If you are still waiting to trade do it now!
The 1991 200tq is a rare animal in canada the car can't be imported and what you get is a 227 horse beast and you can make it a hell of a lot faster if you want.Buy it and mod it you will not be sorry.


----------



## 200TeeCue (Jul 13, 2002)

*Re: Honestly...your thoughts (metaldaze)*

Yup, it's an even trade, happening this coming Saturday morning. The 20vt has 193k on it, but it's been well maintained, a lot of recent work and besides 3 minor but noticeable dings it's really clean.

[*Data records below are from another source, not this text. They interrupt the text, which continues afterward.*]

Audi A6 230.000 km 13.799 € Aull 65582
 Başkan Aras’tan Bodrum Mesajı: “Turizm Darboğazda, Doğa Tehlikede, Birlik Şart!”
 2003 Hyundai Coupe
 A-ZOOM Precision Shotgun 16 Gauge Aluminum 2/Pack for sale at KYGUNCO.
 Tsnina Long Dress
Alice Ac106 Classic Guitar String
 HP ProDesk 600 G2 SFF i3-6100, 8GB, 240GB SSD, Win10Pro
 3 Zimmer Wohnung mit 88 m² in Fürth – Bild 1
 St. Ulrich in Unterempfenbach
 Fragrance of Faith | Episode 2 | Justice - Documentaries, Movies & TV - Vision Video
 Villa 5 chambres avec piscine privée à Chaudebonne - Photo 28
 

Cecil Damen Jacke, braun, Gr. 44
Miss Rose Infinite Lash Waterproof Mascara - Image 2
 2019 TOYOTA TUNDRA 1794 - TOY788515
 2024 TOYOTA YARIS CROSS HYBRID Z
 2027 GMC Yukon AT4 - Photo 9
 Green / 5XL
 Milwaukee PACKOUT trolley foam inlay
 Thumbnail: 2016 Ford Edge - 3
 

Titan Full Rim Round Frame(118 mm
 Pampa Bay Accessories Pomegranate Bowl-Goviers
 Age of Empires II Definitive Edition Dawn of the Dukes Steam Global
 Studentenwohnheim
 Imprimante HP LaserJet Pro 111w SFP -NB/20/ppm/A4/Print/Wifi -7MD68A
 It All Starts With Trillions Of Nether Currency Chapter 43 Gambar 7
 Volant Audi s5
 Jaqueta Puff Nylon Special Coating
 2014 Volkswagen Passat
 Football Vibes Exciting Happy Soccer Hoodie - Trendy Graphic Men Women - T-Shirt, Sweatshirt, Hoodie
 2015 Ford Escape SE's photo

I guess I'm taking this to Carlisle Saturday instead of the CGT as I had planned! I'm getting really anxious for it, too...who wouldn't?


----------



## StormChaser (Jan 3, 2000)

*Re: Honestly...your thoughts (stockeasyvr6)*

...very cool, I'll get to see it the first day you have it?! http://****************.com/smile/emthup.gif Oh, you should contact Carlisleand tell them you want to change the car you will be showing..,.


----------



## 200TeeCue (Jul 13, 2002)

*Re: Honestly...your thoughts (duandcc)*

Good point, although I don't know if it'll be show-ready on Saturday. I'd prefer to clean it up and what not. But I'll be there regardless!
Oh, I'm looking forward to meeting you, Dave-and the other guys that'll be there. See you in a few! http://****************.com/smile/emthup.gif


----------



## StormChaser (Jan 3, 2000)

*Re: Honestly...your thoughts (stockeasyvr6)*

Basically none of the cars in our group are "show ready" cars...it's jsut for the fun of it. We even have a couple of total rust buckets showing up...so bring the 20V!


----------